[Intel-gfx] [PATCH v7 5/8] drm/i915/pxp: Add ARB session creation and cleanup

Mon Apr 17 18:21:37 UTC 2023

On Mon, 2023-04-10 at 10:14 -0700, Ceraolo Spurio, Daniele wrote:
> 
> 
> 
alan:snip

> > @@ -354,8 +368,14 @@ int intel_pxp_start(struct intel_pxp *pxp)
> >   	if (!intel_pxp_is_enabled(pxp))
> >   		return -ENODEV;
> >   
> > -	if (wait_for(pxp_component_bound(pxp), 250))
> > -		return -ENXIO;
> > +	if (HAS_ENGINE(pxp->ctrl_gt, GSC0)) {
> > +		/* Use a larger 1 second timeout considering all the dependencies. */
> > +		if (wait_for(intel_pxp_gsccs_is_ready_for_sessions(pxp), 1000))
> > +			return -ENXIO;
> 
> This needs a comment to explain that we expect userspace to retry later 
> if we return -ENXIO and therefore the timeout is smaller that what would 
> be required to guarantee that the init can complete. It also needs an 
> ack from the userspace drivers for this behavior.
> 
alan: I agree with a requirement to comment this down. However, i believe its better
to put this int the UAPI header file comment-documentation since it applies to both
current MTL as well as previous ADL cases (this is not new behavior being introduced
in MTL but it is fixing of the spec of existing behavior).
That said, your feedback is already being addressed by patch #6 but i will ammend
patch #6 to add the detail you highlighted WRT ~"timeout is not larger than the completion-guarantee...".

> 
alan:snip
> > +fw_err_to_string(u32 type)
> > +{
> > +	switch (type) {
> > +	case PXP_STATUS_ERROR_API_VERSION:
> > +		return "ERR_API_VERSION";
> > +	case PXP_STATUS_NOT_READY:
> > +		return "ERR_NOT_READY";
> > +	case PXP_STATUS_PLATFCONFIG_KF1_NOVERIF:
> > +	case PXP_STATUS_PLATFCONFIG_KF1_BAD:
> > +		return "ERR_PLATFORM_CONFIG";
> > +	default:
> > +		break;
> > +	}
> > +	return NULL;
> > +}
> > +
> 
> There is a lot of replication for this error handling, I'm wondering if 
> it's worth adding a common function to handle this. Something like:
> 
> intel_pxp_header_error(u32 header, const char *op, u32 id)
> {
> 	if (is_fw_err_platform_config(header.status)) {
> 		drm_info_once(&i915->drm,
> 			      "PXP %s-%d failed due to BIOS/SOC:0x%08x:%s\n",
> 			      op, id, header.status,
> 			      fw_err_to_string(header.status));
> 	} else {
> 		drm_dbg(&i915->drm, "PXP %s-%d failed 0x%08x:%st:\n",
> 			op, id, header.status,
> 			fw_err_to_string(header.status));
> 		drm_dbg(&i915->drm, "     cmd-detail: ID=[0x%08x],API-Ver-[0x%08x]\n",
> 			header.command_id, header.api_version);
> 	}
> }
> 
> 
> Not a blocker.
alan: Thanks - i will have to address as a stand alone patch since i have to
think about moving this to a comment helper layer (common to both ADL-mei-comp and MTL-gsccs)

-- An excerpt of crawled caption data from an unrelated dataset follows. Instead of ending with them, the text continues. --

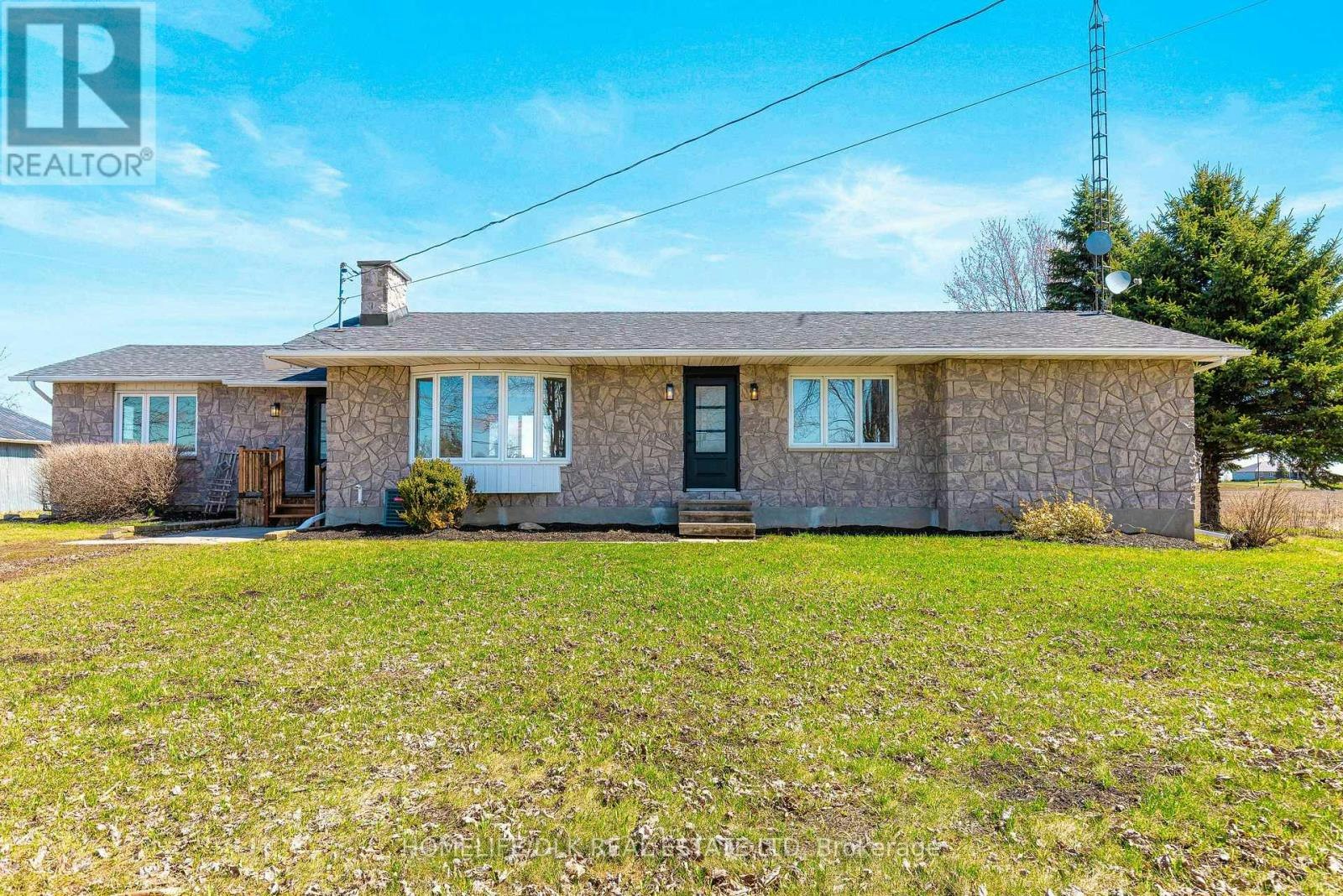 1709 County 31 Rd Road, North Dundas, ON, K0C 2K0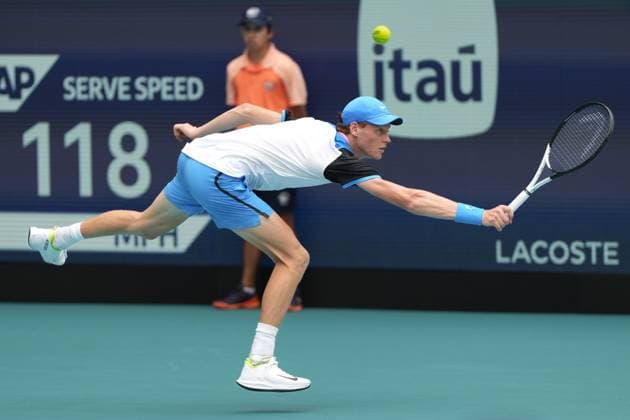 MIAMI GARDENS, FL - MARCH 27: Jannik Sinner (ITA) in action at the Miami Open on March 27, 2024, at Hard Rock Stadium in Miami Gardens, FL. (Photo by Andrew Patron Icon Sportswire) TENNIS: MAR 27 Miami Open EDITORIAL USE ONLY Icon2403270537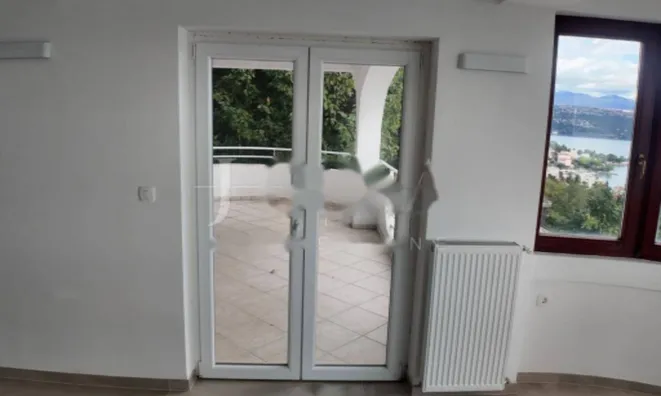 Недвижимость Трехкомнатная квартира в центре: 18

while potentially have different set of error codes that can mean different reporting levels
(i.e. notice once coz its a platform limit vs always err out if its runtime related).

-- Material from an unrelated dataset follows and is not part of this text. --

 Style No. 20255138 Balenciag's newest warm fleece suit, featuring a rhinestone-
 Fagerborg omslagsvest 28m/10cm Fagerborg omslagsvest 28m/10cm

Once this series gets merged it will be easier to work on that patch (which would require both
backends to be present in the baseline).
> > 
alan:snip
> > +++ b/drivers/gpu/drm/i915/pxp/intel_pxp_gsccs.h
> > @@ -10,14 +10,18 @@
> >   
> >   struct intel_pxp;
> >   
> > -#define GSC_REPLY_LATENCY_MS 200
> > +#define GSC_REPLY_LATENCY_MS 210
> 
> why move from 200 to 210? not a problem, I just want to understand why 
> this is required.
> 
> Daniele
alan: so 200 is based on the fw spec - and from real testing i observed the occasional highs touching ~185ms.

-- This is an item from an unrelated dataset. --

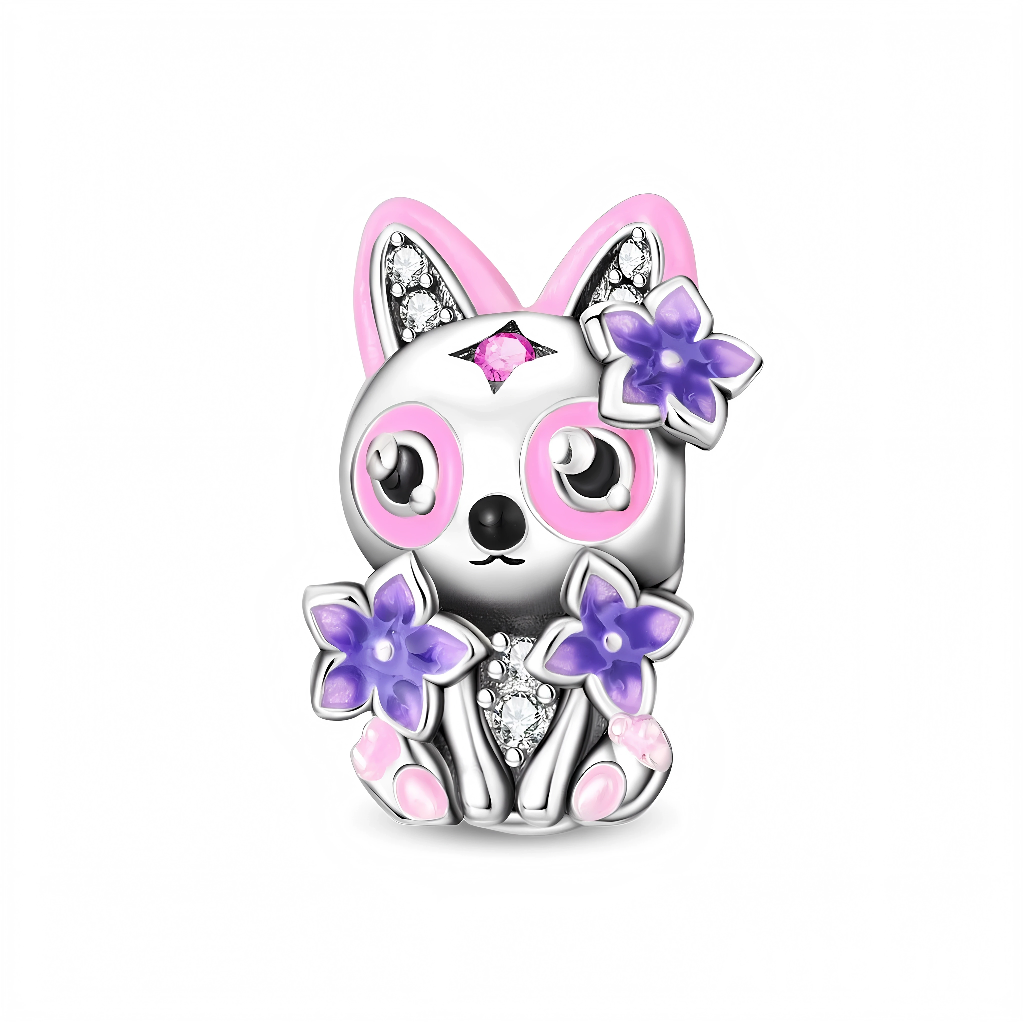 Le chat est en argent 925, avec des yeux cerclés d’émail rose, un petit nez noir et un cristal rose en forme de losange au centre du front, ce qui lui donne une allure presque magique. Ses pattes et ses oreilles sont soulignées de rose, tandis que plusieurs fleurs violettes en relief décorent sa tête et son corps, certaines centrées par de petites pierres claires en guise de cœurs de fleur. L’ensemble crée un motif très mignon, parfait pour les amoureux des chats et des couleurs pastel.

However, the spec gives this number as the expected max time the firmware is going to take to process the request
and post a reply. Therefore it doesn't include the additional overhead for the request creation, emision,
submission via guc and the completion pipeline completion indication. All of these contribute additional layers
of possible delay. Since arb-session creation and invalidation are not common events,
I believe a slightly wider overhead of 10 milisec will not hurt.